Au cœur de La Machine, de la poésie opérant sous nos yeux, où le poème de Goethe est pré-texte et nouveau texte, au détour de l’un des innombrables chemins qui le composent, soudain, des culs-de-sac : impossible d’aller plus loin. Voyez vous-même les trois extraits suivants :



Ce qui émerge dans l’application du protocole 1 :
a) deux verbes liés qui évoquent le système carcéral des camps nazis (Surveiller et punir de Foucault ne sera publié qu’en 1975, ce qui ajoute à La Machine un amusant pouvoir prédictif) ,
b) la devise de la Révolution nationale de Pétain,
c) le salut hitlérien.
Comme si, partant du poème de Goethe, la Machine ne pouvait rien générer d’autre que cela, au terme d’une recréation que l’on attribuera au hasard, aux lois binaires du processeur. En déléguant à la Machine cette faculté, Perec use bien sûr d’un artifice : introduire dans la recréation informatique les mots dont la charge historique et personnelle est fortement prégnante. Non, toutefois, sans la pudeur de l’oblicité (c’est sous nos yeux, mais on peut passer à côté, ne rien voir – comme ces lecteurs de La Disparition qui ne remarquent pas la disparition du e – comme « La Lettre volée » de Poe, aux yeux de tous et pour autant bien dissimulée), oblicité à laquelle s’ajoute l’humour de l’écrivain. « Dans le labyrinthe, écrit Clément Rosset dans Le réel, il y a un sens, plus ou moins introuvable et invisible, mais dont l’existence est certaine : sont donnés de multiples itinéraires dont un seul, ou quelques rares, sont les bons, les autres ne menant nulle part. » Je pense qu’il y a ici un double point de butée :

Le premier, capital, serait le silence de la disparition des parents. « Nulle part », écrit Rosset. Me revient l’expression nazie « Anus Mundi », « l’anus du monde », pour désigner les camps d’extermination. Dans La Machine : nulle part, c’est un texte qui finit sur un blanc typographique, suivi de la commande « stop », ou de « requête annulée ». Rien, le non-sens. « Hier ist kein warum », rappelle Primo Levi : un soldat allemand du camp répond à un prisonnier qu’ « ici, il n’y a pas de pourquoi. »

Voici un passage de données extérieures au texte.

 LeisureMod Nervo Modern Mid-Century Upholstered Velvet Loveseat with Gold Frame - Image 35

Le second, c’est ce à quoi La Machine poétique aboutit :
« la patrie, la famille, le travail » : devise pétainiste retournée et enrichie de déterminants, ce qui la désamorce, la désarrime de l’ordre séquentiel habituel.
L’extrait 3 n’est pas moins troublant :
« apapa
apape
ape »
Le texte, dirait-on se cherche, bégaie, fait affleurer « papa », le père tué à la guerre ; rapproche « ape » (« singe » en anglais) et « apape » (j’entends clairement « pape »), s’achève sur un compte à rebours (les chiffres apparaissent ici comme le résultat de l’élaboration machinique, au même titre que les lettres) pour mettre en scène le rire (« ha / ha »), l’affect (« haï / haï ») et le salut tronqué, coupé par Perec, transformé en éclat de rire (« hi ! »). Je ne peux dire que ceci : les chiffres sont la matrice numérale tatouée sur la chair des déportés, comme les lettres de l’alphabet sont la matrice littérale des textes.

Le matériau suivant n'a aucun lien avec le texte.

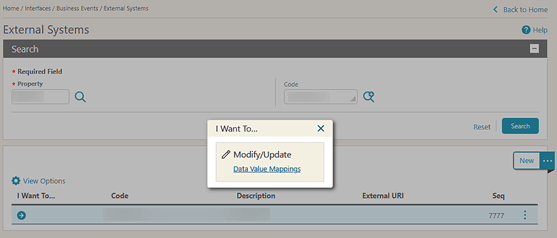 The I Want To... Modify/Update Data Value Mappings link.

Chiffres, lettres : matériau linguistique que l’Histoire « avec sa grande hache » a façonné : les voyelles et les consonnes qui ont permis de forger le slogan cynique « arbeit macht frei » à l’entrée des camps de concentration. Mais tout autant les oeuvres de Beckett ou de Queneau, de Goethe et de Perec. Machine dont l’une des fonctions pourrait bien être de réparer, dans l’ordre du symbolique, le mésusage (la torsion) des langues allemande et française. (Voir bien sûr LTI de Viktor Klemperer pour la nazification de la langue allemande.)